Posts Tagged ‘linux’

New Project Completed

Thursday, May 22nd, 2008

It’s been a while since I posted on here. There are several reasons for that. The main reason is that my latest project has been taking all my spare time and it was a secret. I didn’t log any of it until just a few minutes ago because I didn’t want the secret to get out. It is an anniversary present for my girlfriend. You can check out the project page for more details on that.

The second reason is that my web server has been down and I haven’t fixed it until recently. My server rebooted one day when I lost power and Apache refused to start for some reason. Rather than sitting down to fix that, I just spent all my time working on the anniversary project. It turns out there was some other instance of httpd running in the background hogging port 81. I have no idea why this was. I’ll have to reboot the system again to see if the problem occurs again. At least I’ll know what the problem is.

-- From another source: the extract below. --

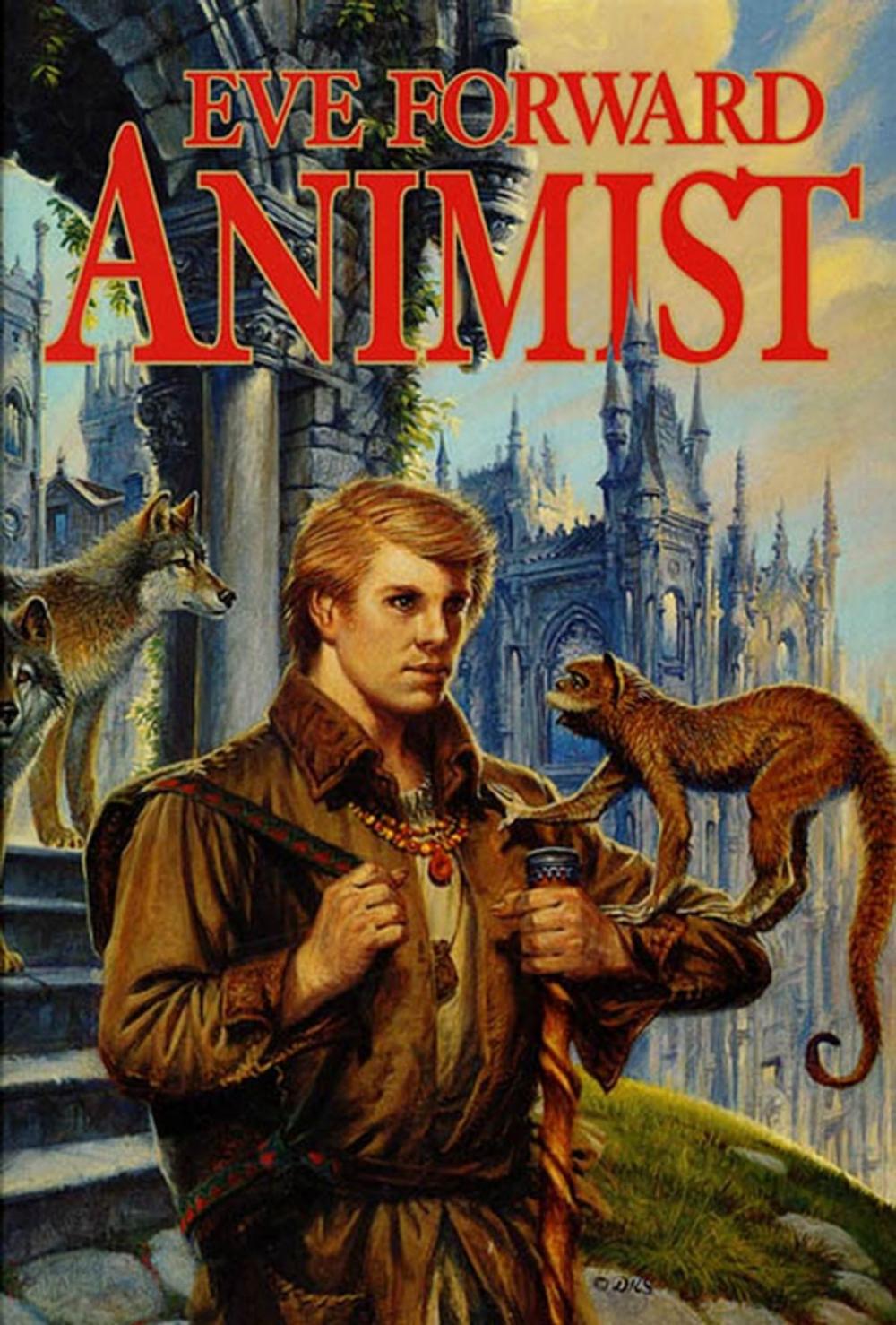 Big bigCover of Animist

In other news, I have started the Near Space class at school last week. I am really excited for this class. We will be sending a balloon equipped with computer, science experiments, and a camera into near space in just a few months. Ryan is splitting the class into teams and should have them posted on the e-shell this weekend at some point. Hopefully I’ll have access to the shell soon. I just e-mailed a local enthusiast to see if he wants to come to class to share his experiences and offer some words of wisdom. Hopefully that will go over well.

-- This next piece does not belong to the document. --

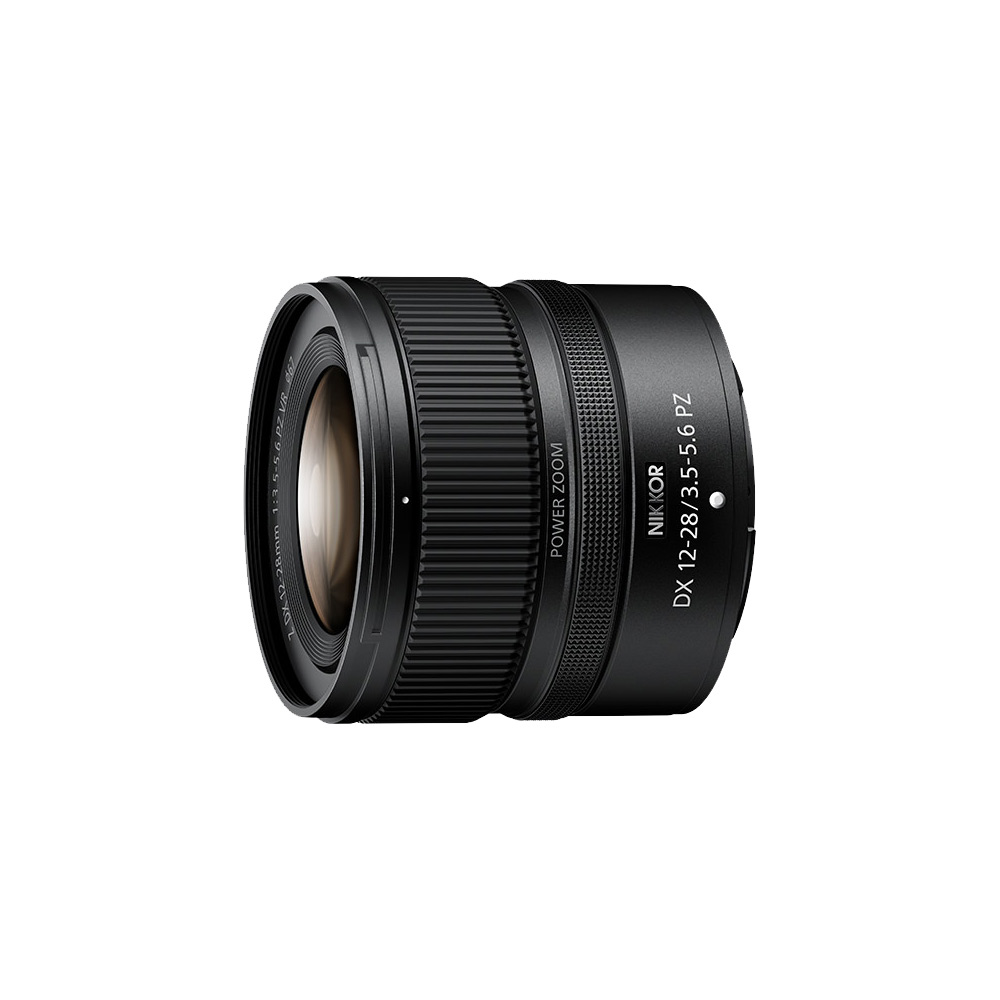[니콘 5만원 캐시백+가을 감사제 마일리지] NIKKOR Z DX 12-28mm f/3.5-5.6 PZ VR / Kenko Air UV 67mm 증정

My dad should be sending me another radio, antenna and a Tiny Trak 3 module next week. I can’t wait to get that stuff. I want to start messing with APRS tracking as soon as possible to get a feel for it before we actually do a launch. I’m hoping to be on the tracking and telemetry team for the near space class.

I suppose that’s enough updating for now. I have to take some photos of the anniversary lamp to stick on that page, as well as get a schematic up. Man, I still need to get a schematic up on the graduation hacks page… I’ll get on that soon. I’ll also post a video of the lamp in action. Until then.

E-mail Harvest

Thursday, April 10th, 2008

I’m starting to work on the E-mail harvesting program now. The other day I went to myspace and took a look around. Guess what? No e-mail addresses are visible anywhere. There’s no specific place to pull e-mail addresses from. That’s when I decided to go check out facebook. These guys are crafty. They include your e-mail address but they include it as an image. That way you can’t just copy and paste the text. Well I think to think that I am craftier. I started doing a little Google research on linux-based OCR software. For those that don’t already know OCR stands for optical character recognition. This software will read an image and turn the text located within it into an actual editable text document.

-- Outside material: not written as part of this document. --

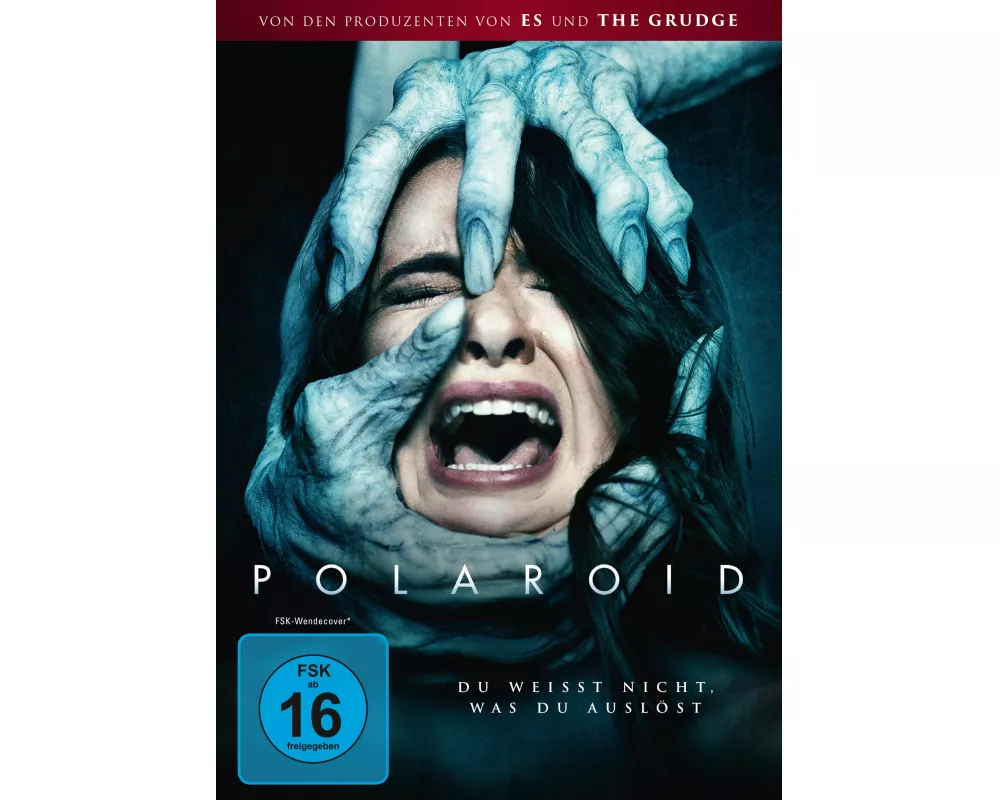 Polaroid - Du weisst nicht, was Du auslöst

I found this awesome article comparing many different OCR engines designed for linux. I’ve decided that gocr is the simplest solution that should do everything I need it too. I just need a program I can send an image too and have that program send me back text. That is exactly how gocr works. Now i just have to get it installed on CentOS.

I found the source for gocr at http://jocr.sourceforge.net. I just run the command:

wget http://prdownloads.sourceforge.net/jocr/gocr-0.45.tar.gz

Then I extract the file:

tar -xzvf gocr-0.45.tar.gz

configure, make, and install:

./configure
make
sudo make install

The image files on facebook are png images. gocr uses a utility called pngtopnm to convert the image to a format it can understand. This utility is included in the netpbm package.

sudo yum install netpbm
sudo yum install netpbm-progs

Now that everything is installed I can just try running the program with a downloaded facebook email image.

gocr -i test.png

The image I gave it contained my email address “ricosgoo@uat.edu”. The result: “ricgoouat.edu”. It seems as though gocr didn’t pick it up correctly. I’m pretty sure the reason is that the ‘o’ and the ’s’ in the image are touching each other. gocr probably thinks it is one character and cannot recognize it so it is just leaving it out. Also, it missed the @ symbol. I tried a different facebook image and the @ sign was missing from that as well. It would seem as though gocr does not support the @ sign in its dictionary. I might need to try a different OCR program.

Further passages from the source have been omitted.